Davis LIDAR commences atmospheric observations
A powerful green laser beam is now routinely probing the skies above Davis in the investigation of climate change at high altitudes. The laser light is being transmitted by a novel atmospheric Light Detection and Ranging (LIDAR) instrument developed by the AAD in collaboration with Adelaide University. During the 2000-01 summer, Atmospheric and Space Physics (ASP) Program and AAD trades personnel installed and commissioned the instrument at Davis, a culmination of five years of preparation by ASP, Science Technical Support and Engineering Branch staff.
The Davis LIDAR is a remote sensing instrument which profiles atmospheric density, temperature and wind velocity as a function of altitude. It operates in a manner akin to radar; pulses of laser light are transmitted into the sky, and the weak 'light echo' scattered back to the instrument from atmospheric gases and aerosols is collected and analysed.
The LIDAR is housed in a modular 'observatory' which consists of a temperature-controlled laboratory, an ambient-temperature enclosure with a retracting roof, and a general-purpose operations room. The observatory was progressively fitted out and tested at Kingston between early 1997 and mid-2000, and was shipped to Davis by RSV Aurora Australis on voyage one. Only three weeks were required to reassemble and commission the building.
The first LIDAR observations from Davis were undertaken in early February 2001. Initially, the instrument was operated in a 'biaxial' configuration, with the laser beam being transmitted independently of the receiving system. An advantage of the biaxial configuration is that it allows backscatter to be received from altitudes up to the mesopause (around 90 km) which is currently an area of intense interest in the atmospheric sciences community. There is evidence to suggest that the mesopause region may be cooling as a result of the current warming trend near the Earth's surface. Tenuous clouds of ice particles form near the mesopause in the summer at high latitudes. The visual manifestations of this phenomenon are called 'noctilucent clouds', and these have been observed by expeditioners at Davis, albeit rarely. One of the first tasks of the LIDAR is to examine the frequency of occurrence and structure of these clouds.

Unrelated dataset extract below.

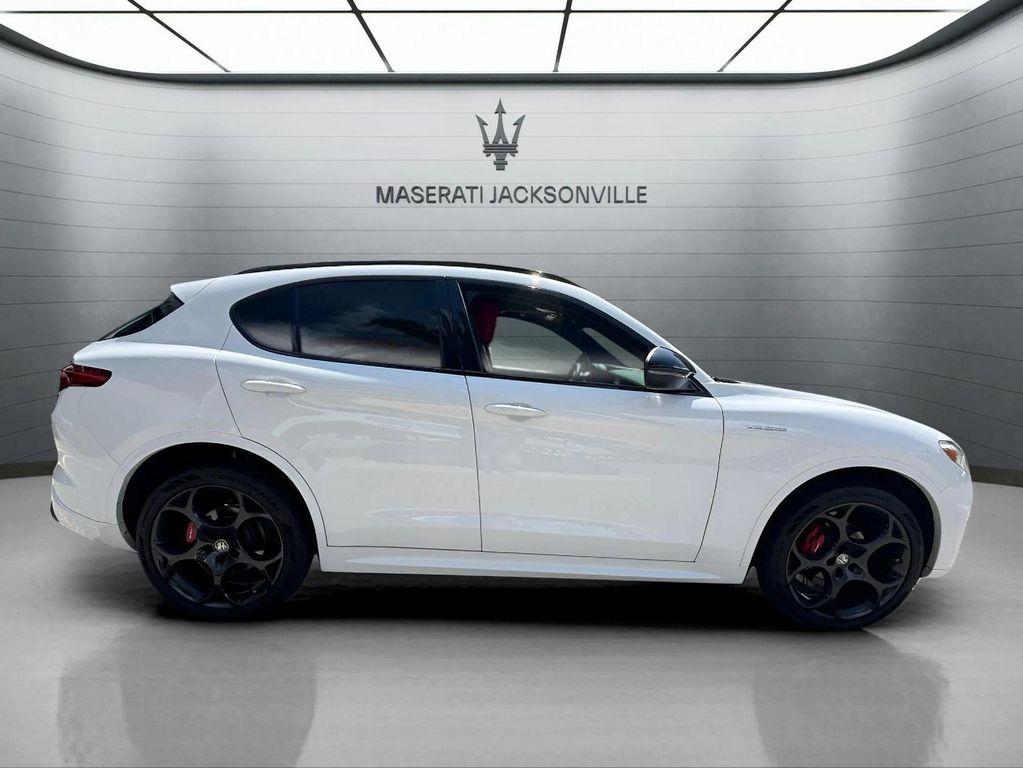 used 2023 Alfa Romeo Stelvio car, priced at $35,400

The Davis LIDAR is currently one of only three such instruments capable of retrieving temperatures in the mesosphere (the region between 50 km and about 95 km) from the southern hemisphere. Northern hemisphere measurements have suggested that a general cooling is taking place in the mesosphere and stratosphere (15 km to 50 km altitude), but little published data currently exists regarding trends at southern latitudes.
Biaxial operation will also allow further testing and refinement of the mechanical and optical system as the low temperatures of winter set in. Currently, a program of temperature comparisons between the LIDAR and Bureau of Meteorology balloon-borne radio-sondes is being undertaken up to altitudes of 40 km in order to test the LIDAR temperature retrieval techniques. It is hoped that the 'coaxial' operating mode of the instrument, in which the laser can be steered around the sky for horizontal wind measurements, will be tested before spring.